(Input data begins)
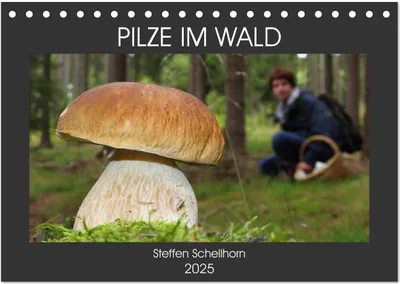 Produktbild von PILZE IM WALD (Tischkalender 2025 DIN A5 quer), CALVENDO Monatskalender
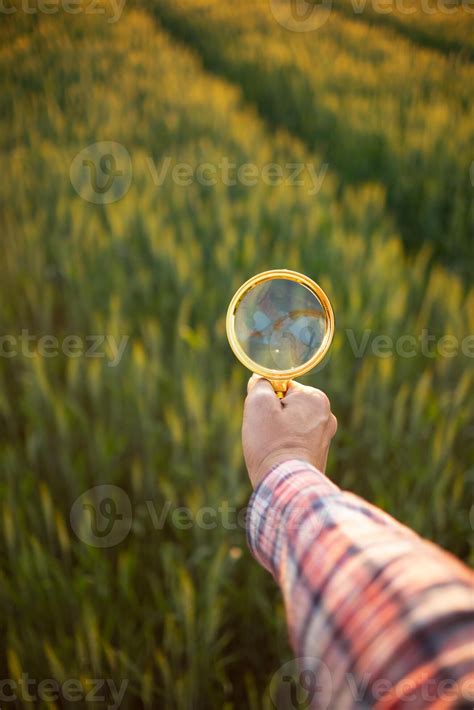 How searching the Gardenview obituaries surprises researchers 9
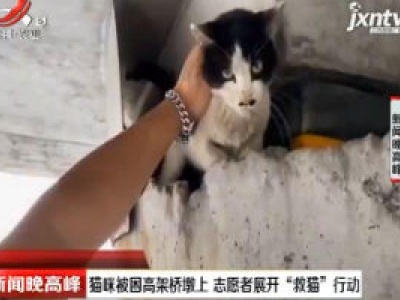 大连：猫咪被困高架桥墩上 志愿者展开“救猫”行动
(Input data ends)
Print the preceding material over again exactly. Please leave the pictures out.

● **Final answer**
 Produktbild von PILZE IM WALD (Tischkalender 2025 DIN A5 quer), CALVENDO Monatskalender
 How searching the Gardenview obituaries surprises researchers 9
 大连：猫咪被困高架桥墩上 志愿者展开“救猫”行动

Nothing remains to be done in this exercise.